__Exercise prompt__: The reply should consist of the full listing, written out exactly.

__Data__:
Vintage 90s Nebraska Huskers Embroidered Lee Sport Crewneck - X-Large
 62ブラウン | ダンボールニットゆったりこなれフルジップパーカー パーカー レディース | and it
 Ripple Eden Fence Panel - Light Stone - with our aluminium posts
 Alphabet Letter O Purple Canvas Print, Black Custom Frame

__Output below__:
Vintage 90s Nebraska Huskers Embroidered Lee Sport Crewneck - X-Large
 62ブラウン | ダンボールニットゆったりこなれフルジップパーカー パーカー レディース | and it
 Ripple Eden Fence Panel - Light Stone - with our aluminium posts
 Alphabet Letter O Purple Canvas Print, Black Custom Frame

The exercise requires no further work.